Latest Developments, June 30

In today’s news…

The US announced yesterday it had conducted a drone attack in Somalia, bringing to at least six the number of countries in which the CIA has conducted unmanned lethal attacks, after Afghanistan, Pakistan, Libya, Iraq and Yemen. A report out last week from the Oxford Research Group looks into the legal black hole of drone strikes. Its lead author recently argued: “It is high time to implement a global casualty recording mechanism which includes civilians so that finally every casualty of every conflict is identified. The law requires it, and drones provide no exemption from that requirement.” American officials declined to answer any questions about the Somali incident.

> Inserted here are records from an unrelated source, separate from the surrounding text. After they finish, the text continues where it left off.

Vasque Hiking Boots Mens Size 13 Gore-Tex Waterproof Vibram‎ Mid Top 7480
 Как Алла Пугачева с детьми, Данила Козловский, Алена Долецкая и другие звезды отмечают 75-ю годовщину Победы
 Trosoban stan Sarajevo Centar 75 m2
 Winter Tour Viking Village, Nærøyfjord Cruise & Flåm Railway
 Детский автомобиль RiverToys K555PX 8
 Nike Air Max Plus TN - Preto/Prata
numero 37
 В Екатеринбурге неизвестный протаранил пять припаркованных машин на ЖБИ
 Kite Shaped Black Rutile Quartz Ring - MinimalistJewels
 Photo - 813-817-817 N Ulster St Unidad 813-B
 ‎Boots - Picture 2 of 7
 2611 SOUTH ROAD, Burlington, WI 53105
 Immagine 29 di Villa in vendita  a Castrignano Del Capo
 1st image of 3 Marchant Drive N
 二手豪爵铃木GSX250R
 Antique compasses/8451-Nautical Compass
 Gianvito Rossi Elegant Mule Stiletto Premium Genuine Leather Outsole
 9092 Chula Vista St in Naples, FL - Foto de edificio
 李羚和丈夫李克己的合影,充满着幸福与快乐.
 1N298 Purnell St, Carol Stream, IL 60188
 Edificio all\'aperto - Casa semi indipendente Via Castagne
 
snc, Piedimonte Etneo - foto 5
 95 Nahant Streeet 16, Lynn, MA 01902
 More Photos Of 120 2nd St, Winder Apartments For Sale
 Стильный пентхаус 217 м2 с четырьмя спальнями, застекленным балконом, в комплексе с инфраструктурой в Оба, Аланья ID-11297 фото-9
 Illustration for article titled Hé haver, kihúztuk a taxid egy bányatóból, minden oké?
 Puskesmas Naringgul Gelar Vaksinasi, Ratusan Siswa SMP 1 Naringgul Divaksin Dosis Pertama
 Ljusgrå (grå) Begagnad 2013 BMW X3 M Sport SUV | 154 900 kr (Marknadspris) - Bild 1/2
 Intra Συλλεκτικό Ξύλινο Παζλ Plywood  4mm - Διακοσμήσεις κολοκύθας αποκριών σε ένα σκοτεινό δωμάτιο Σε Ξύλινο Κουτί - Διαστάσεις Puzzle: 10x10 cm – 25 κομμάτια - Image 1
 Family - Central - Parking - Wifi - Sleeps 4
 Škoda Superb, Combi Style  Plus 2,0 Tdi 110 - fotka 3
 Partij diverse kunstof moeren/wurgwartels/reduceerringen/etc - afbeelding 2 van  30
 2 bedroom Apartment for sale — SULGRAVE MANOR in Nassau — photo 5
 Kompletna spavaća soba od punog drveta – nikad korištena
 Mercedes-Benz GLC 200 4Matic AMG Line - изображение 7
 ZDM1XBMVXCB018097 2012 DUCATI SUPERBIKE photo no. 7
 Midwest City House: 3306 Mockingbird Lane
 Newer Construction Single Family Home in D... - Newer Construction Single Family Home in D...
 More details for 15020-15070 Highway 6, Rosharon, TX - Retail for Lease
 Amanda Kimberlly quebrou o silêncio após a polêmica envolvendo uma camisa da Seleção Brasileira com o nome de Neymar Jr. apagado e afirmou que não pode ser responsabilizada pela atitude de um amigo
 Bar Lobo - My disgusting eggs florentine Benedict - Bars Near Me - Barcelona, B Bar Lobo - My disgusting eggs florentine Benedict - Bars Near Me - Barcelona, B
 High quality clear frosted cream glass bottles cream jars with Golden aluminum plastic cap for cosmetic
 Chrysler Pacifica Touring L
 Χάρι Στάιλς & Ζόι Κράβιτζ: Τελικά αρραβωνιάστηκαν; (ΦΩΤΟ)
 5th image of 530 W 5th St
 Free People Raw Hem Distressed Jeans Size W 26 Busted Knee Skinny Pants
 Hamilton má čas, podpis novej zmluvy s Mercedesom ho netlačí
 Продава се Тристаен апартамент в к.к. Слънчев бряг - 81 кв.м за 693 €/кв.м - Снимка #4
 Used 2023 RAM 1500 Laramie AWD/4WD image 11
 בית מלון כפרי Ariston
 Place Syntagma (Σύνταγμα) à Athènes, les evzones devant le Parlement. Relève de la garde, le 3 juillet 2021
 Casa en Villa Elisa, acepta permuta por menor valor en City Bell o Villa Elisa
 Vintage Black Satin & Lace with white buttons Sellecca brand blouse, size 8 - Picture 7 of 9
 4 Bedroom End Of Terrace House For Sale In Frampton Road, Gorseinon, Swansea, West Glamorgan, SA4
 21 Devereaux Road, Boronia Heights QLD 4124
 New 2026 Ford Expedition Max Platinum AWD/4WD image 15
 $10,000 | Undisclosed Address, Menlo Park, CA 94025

Transparency International asks what a good code of conduct for the defence industry might look like. Unsurprisingly, it does not look like wiring $9 million to the head of the Jordanian intelligence agency in order to ease the delivery of oil to American forces in Iraq, as new court filings suggest a Florida billionaire may have done in 2007.

Rezaul Karim Chowdhury calls World Bank climate adaptation loans “a form of trickery that will push us deeper into poverty”. The loans, he argues, will compound the hardship caused by climate change by increasing the debt load of countries such as Bangladesh.

A UN expert on foreign debt and human rights suggests Greece’s proposed austerity measures could threaten its citizens’ basic human rights, including the rights to water, food and adequate housing.

African governments look to forge a multilateral agreement aimed at protecting their tax revenues from harmful practices, such as transfer pricing by multinational corporations.

The Economist identifies Argentina, Brazil, Hong Kong, India, Indonesia, Turkey and Vietnam as the emerging markets whose economies are most likely to overheat. Pakistan and South Africa are among the least likely.